Durante la última legislatura España, a pesar de la oposición conservadora, es un país que tras la pandemia intenta situarse como punta de lanza de ese otro modelo que pretende recomponer las cualidades de las grandes democracias que en su día alumbraron el tan denostado hoy estado del bienestar; más aún en estos duros tiempos que corren y los que quedan por venir.

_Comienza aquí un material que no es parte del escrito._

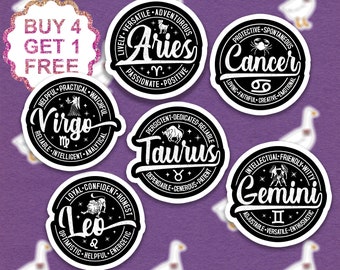 Adesivos de estrelas do zodíaco Áries, Leão e Libra, adesivos espaciais, presente para amigo(a) do zodíaco, adesivos inspiradores para laptop, conjunto de adesivos estéticos, adesivos para copos.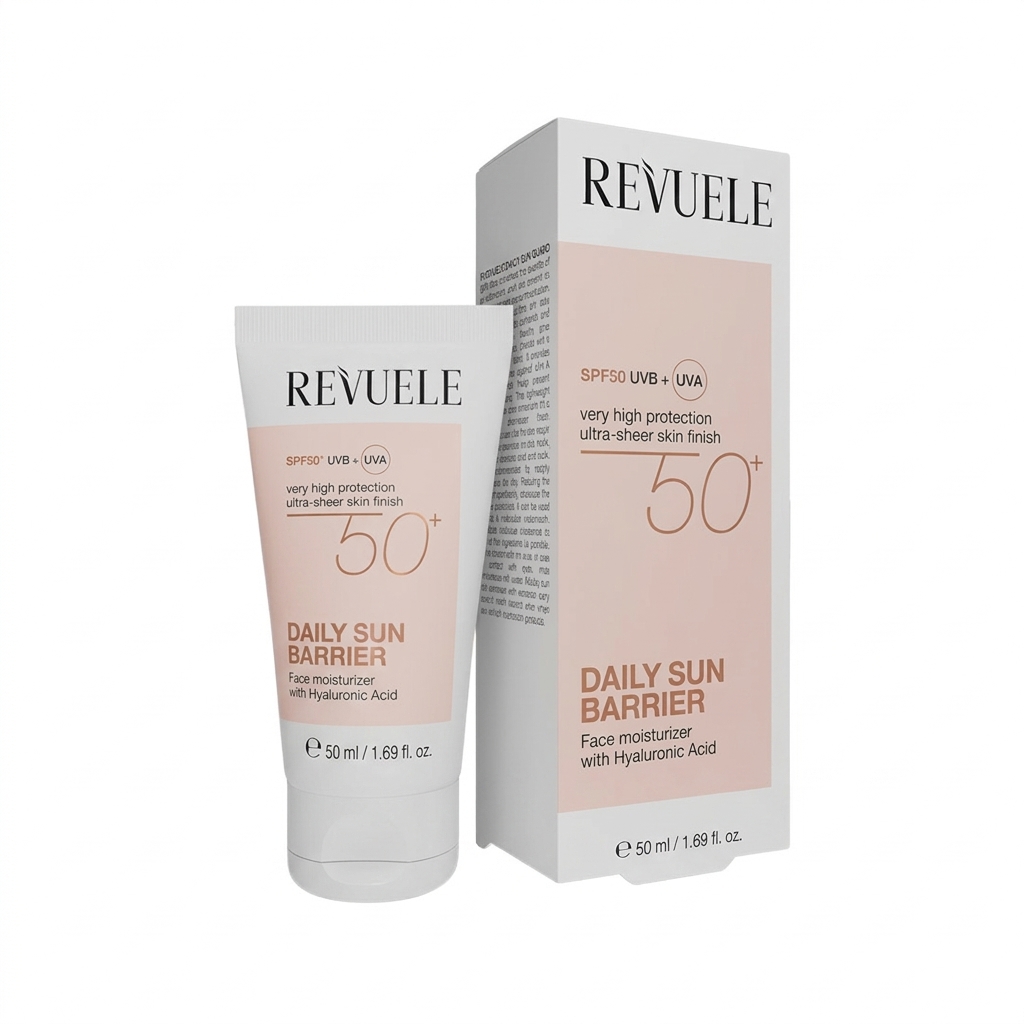 Daily Sun Barrier SPF 50+ — Revuele | واقي الشمس اليومي المانع للتلف SPF50+ (حماية واسعة الطيف، ترطيب وحماية من التصبغات)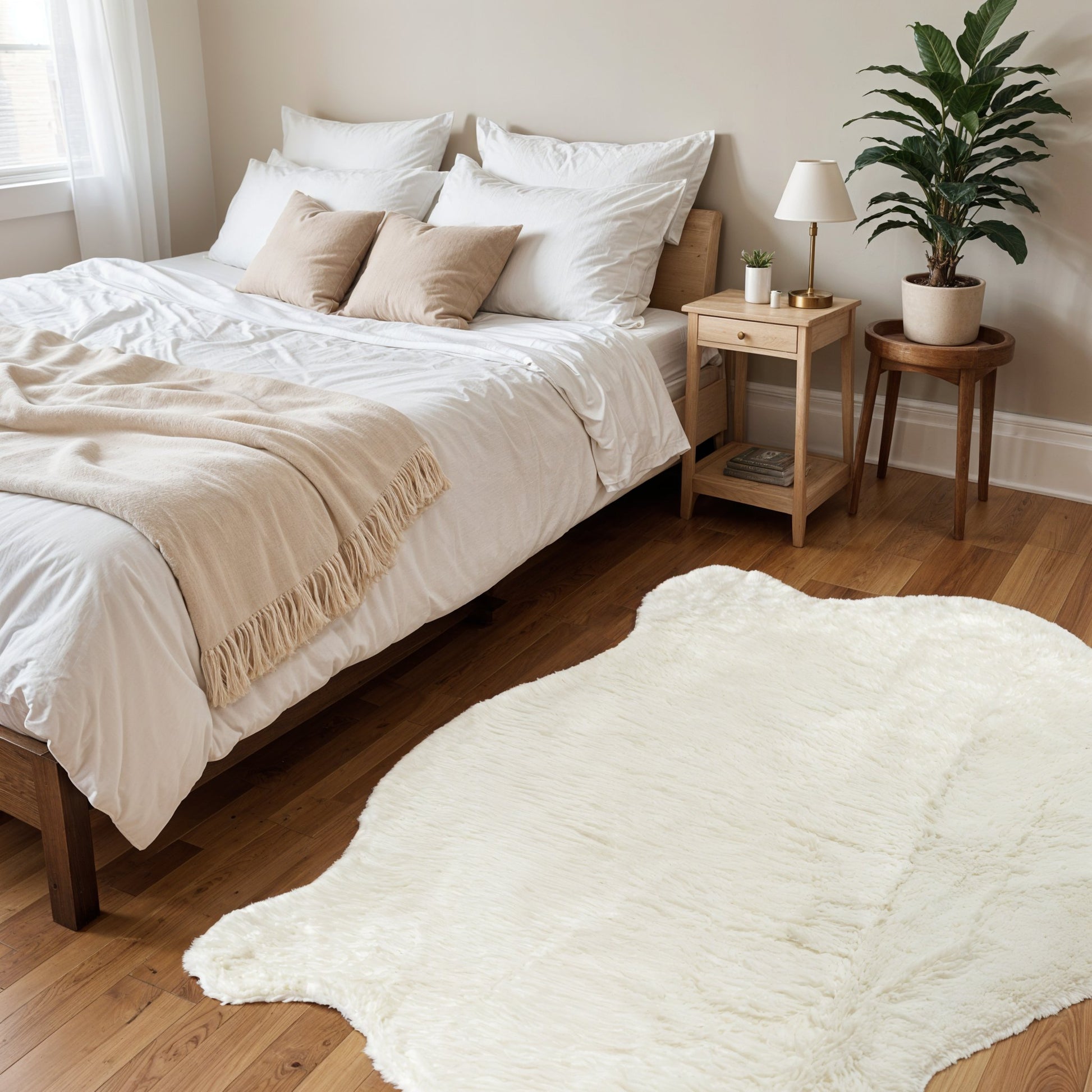 4' X 5' Polar Bear Off White Faux Hide Area Rug-Area Rugs-DECOROLALA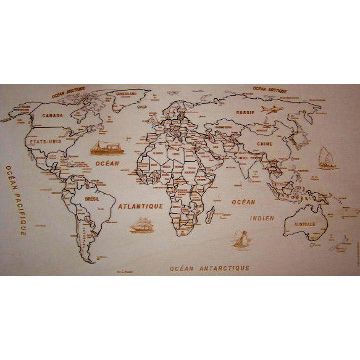 Carte du monde - puzzle en bois naturel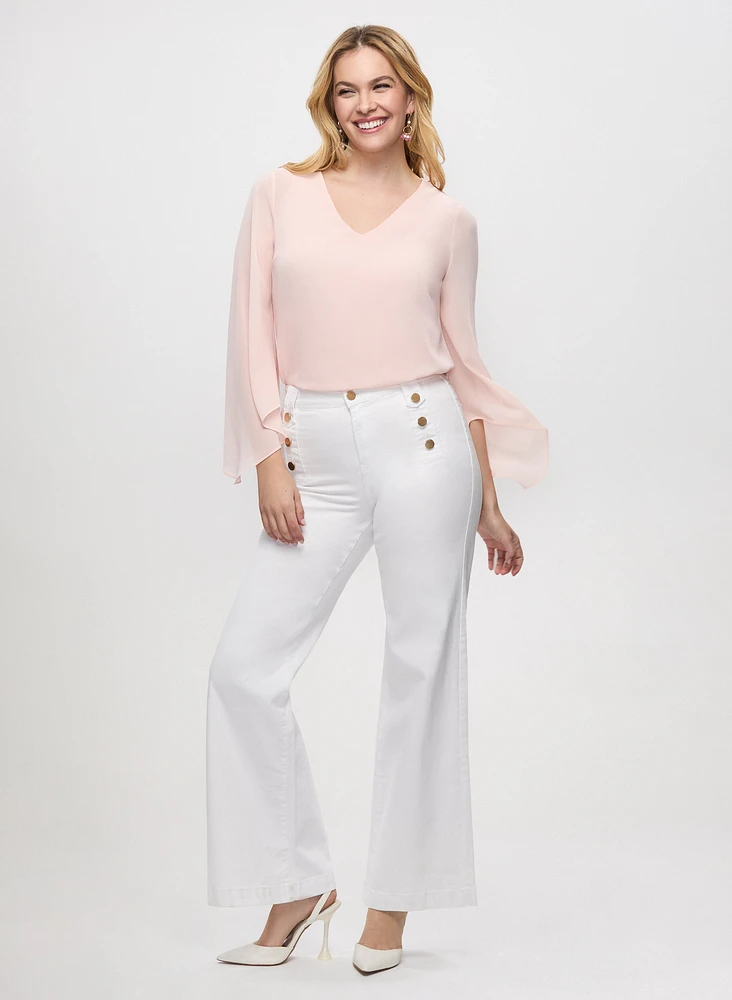 Flared Sleeve Chiffon Blouse & Button Detail Wide Leg Jeans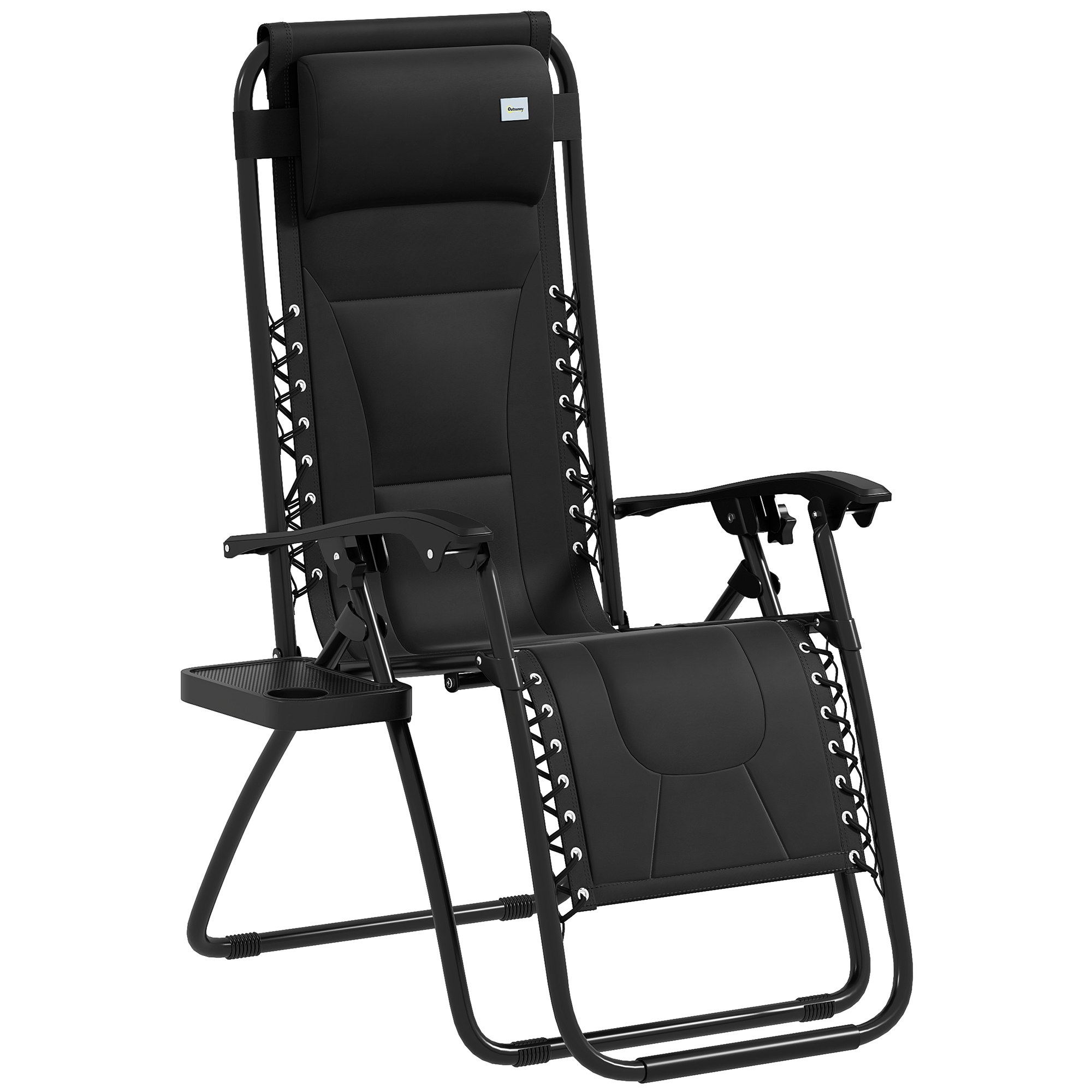 SUNVISTA Zero Gravity Lounger Chair, Folding Reclining Patio Chair with Padded Seat, Cup Holder, Black - Life Essentials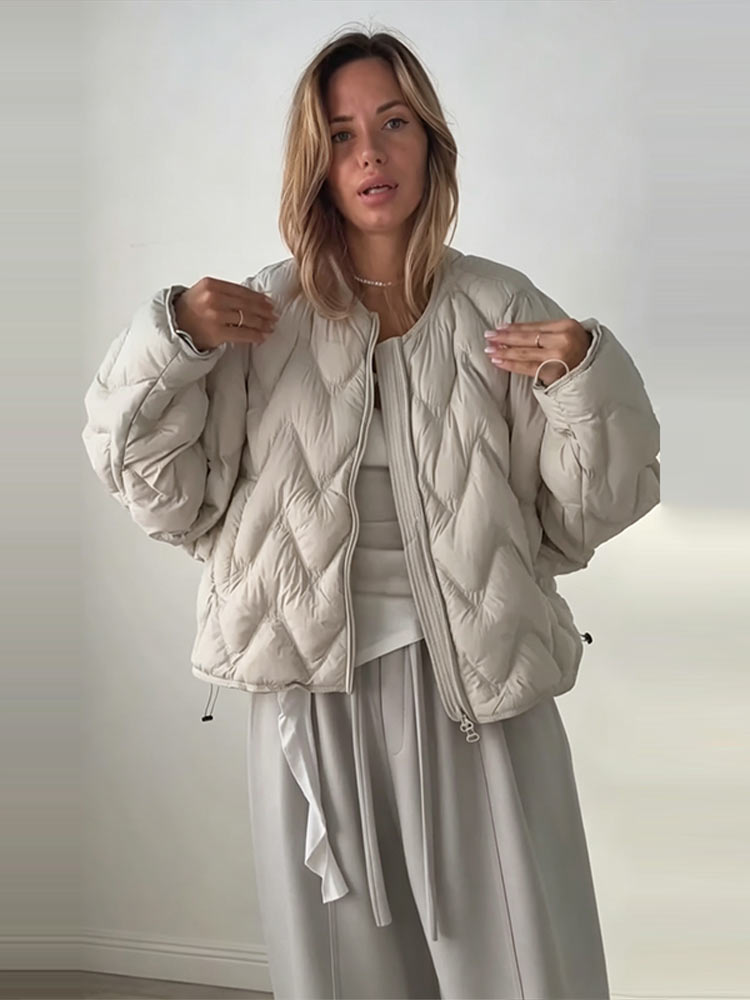 Wave Quilted Puffer Crew Neck  - Women'S Fashion Quilted Jacket 评论和价格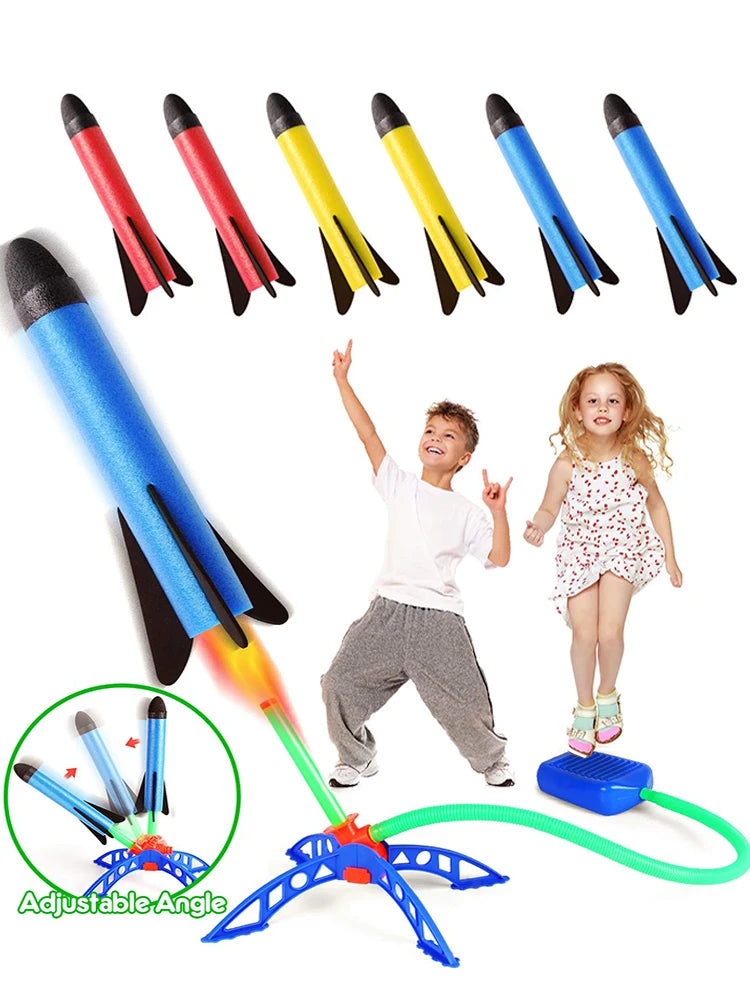 Giocattolo Kid Air Rocket con Lancia a Pedale per Bambini - Gioco Sportivo da Esterno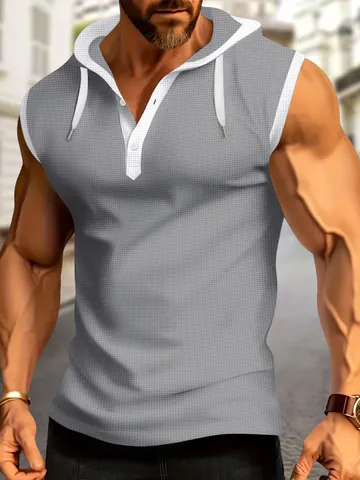 Men's Sleeveless Hooded T-Shirt Polyester Color Block Sporty Workout Henley Tank Top With Buttons For Summer Casual Daily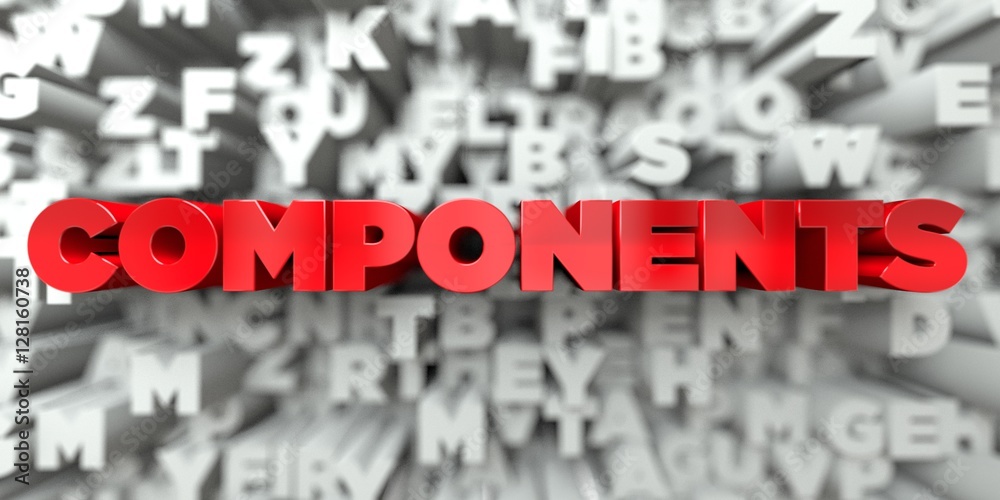 Fototapete components - red text on typography background - 3d rendered royalty free stock image. this image ca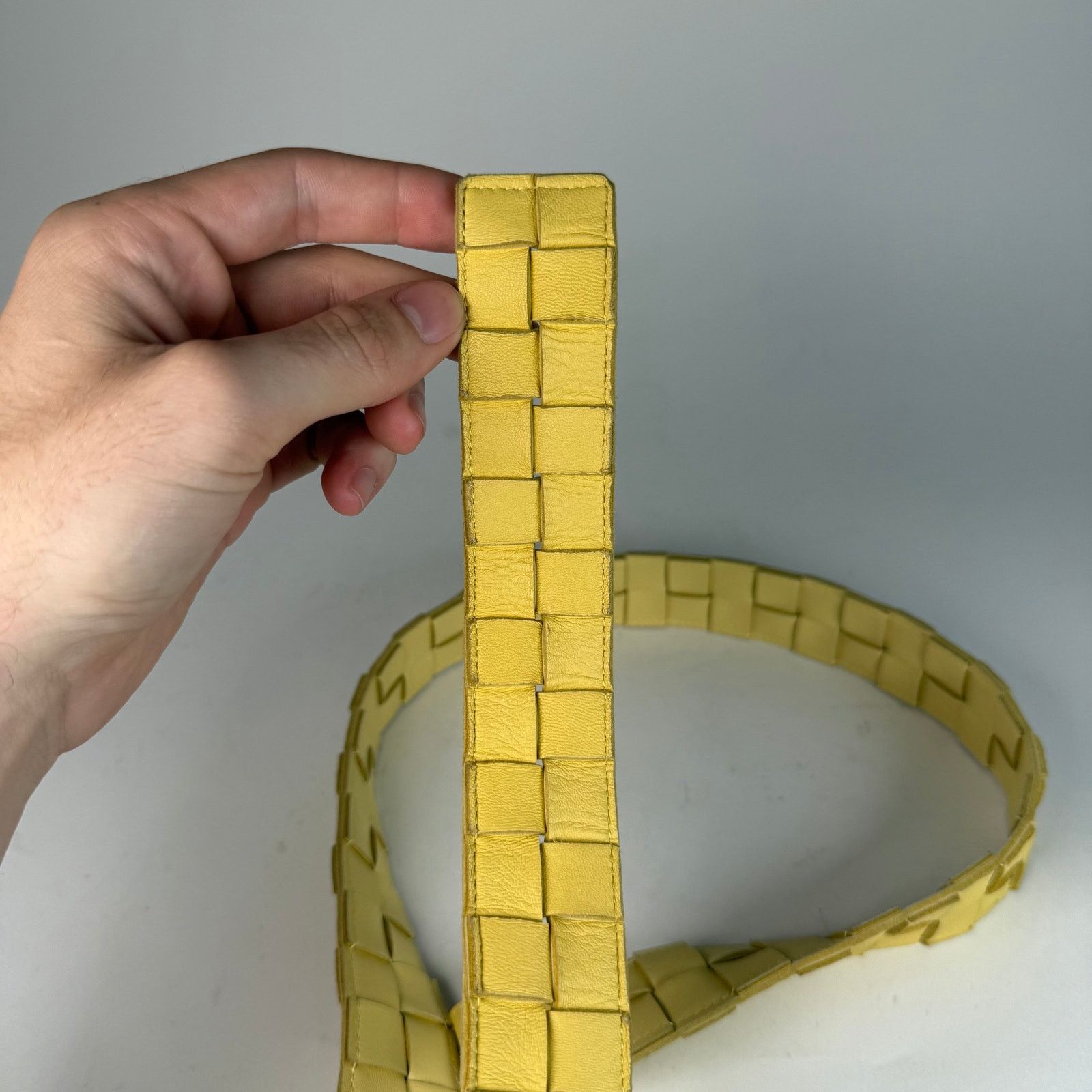 Bottega Veneta Bottega Veneta Yellow Leather Braided Belt Size 34 Size 34 - 6 Thumbnail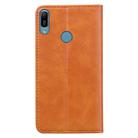 For Huawei Y6 (2019) Business Stitching Horizontal Flip Leather Case with Double Folding & Bracket & Card Slots & Photo Frame & Wallet(Brown) - 3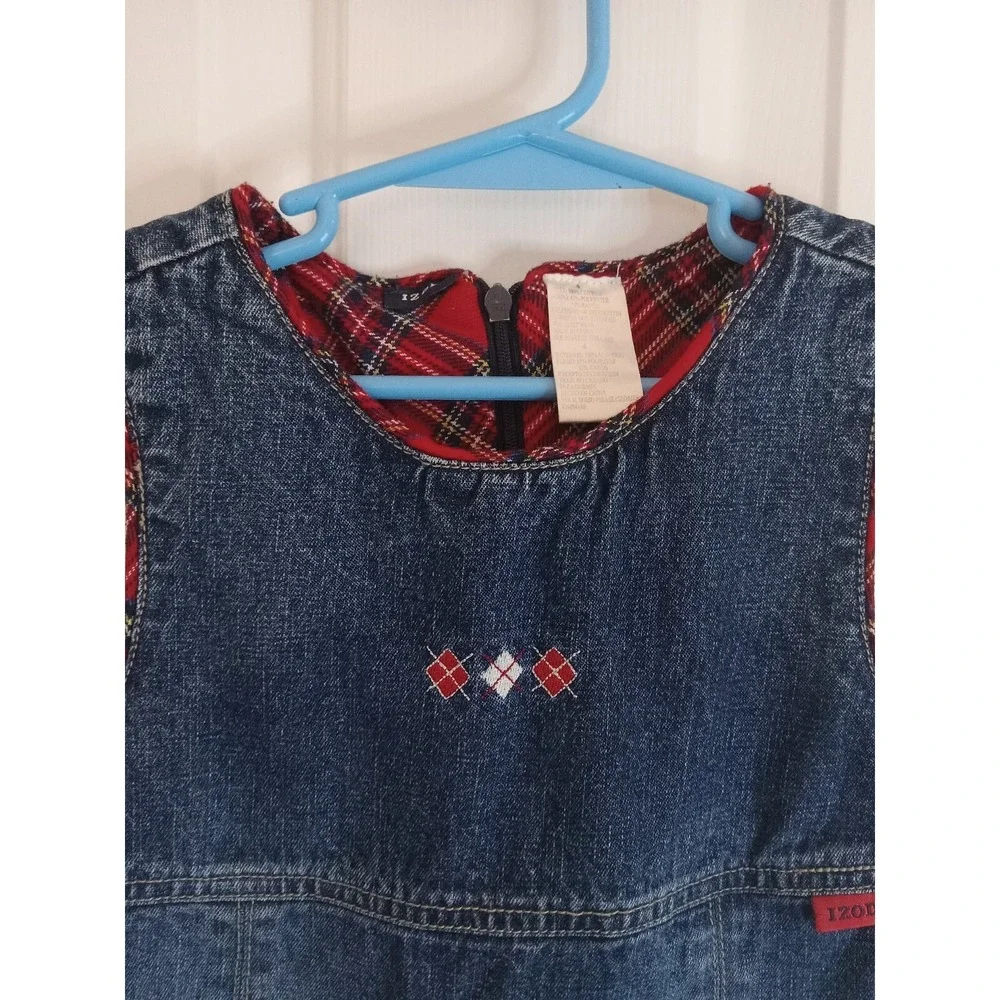Izod Toddler Girls Jean Jumper Dress Size 4T Sleeveless Denim Jumper Plaid‎ Blue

Una hercúlea tarea que si bien está contando con el beneplácito de parte de las autoridades europeas tras el fiasco del actual modelo económico, de otra se está encontrando con la enorme resistencia de unas élites conservadoras con extraordinarios dotes de sugestión en todas las clases sociales y dispuestas a cualquier cosa con tal de mantener a toda costa un modelo económico que le reporta pingües beneficios y que cegadas por su avaricia y codicia, les impide ver más allá de sus narices y de las terribles repercusiones del mismo.
Peor aún el caso de todas esas personas que en creciente multitud odian a otros seres humanos por el color de su piel, su credo, su orientación sexual o simplemente por ser pobres. Pero esa es otra historia.